Provided data>
───
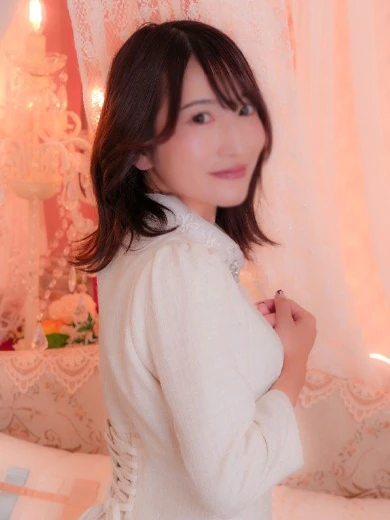 なな プロフィール画像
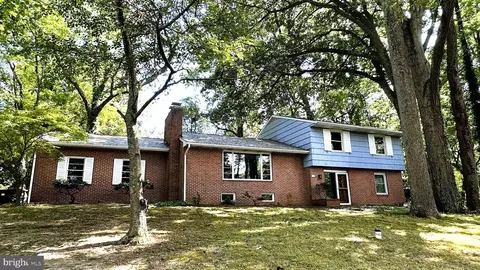 426 Edgewater Rd, Pasadena, MD 21122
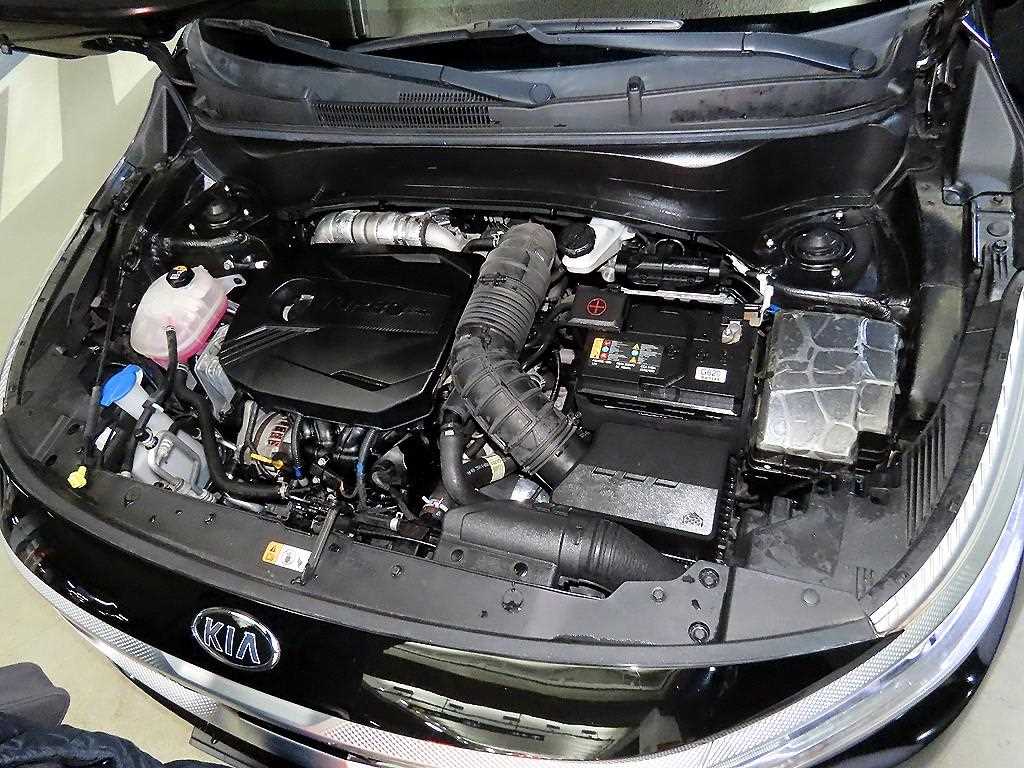 KIA Seltos 2022 Negro - Importación desde Corea - HF Imports Iquique - Foto 19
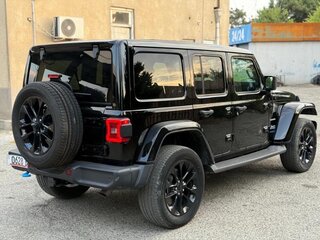 2022 Jeep Wrangler IV (JL), чёрный, 5500000 рублей, вид 5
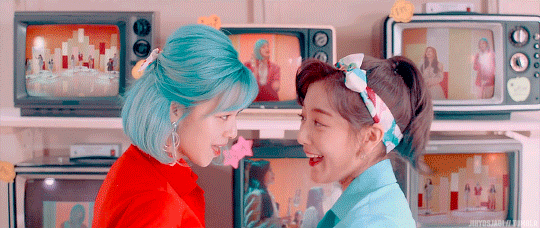 jihyosjagi:  baby, baby, baby, baby, baby, baby - I want you back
───
How to complete this task>
Your answer must be the records above, word for word, with no pictures.

Solution for this problem>
 なな プロフィール画像
 426 Edgewater Rd, Pasadena, MD 21122
 KIA Seltos 2022 Negro - Importación desde Corea - HF Imports Iquique - Foto 19
 2022 Jeep Wrangler IV (JL), чёрный, 5500000 рублей, вид 5
 jihyosjagi:  baby, baby, baby, baby, baby, baby - I want you back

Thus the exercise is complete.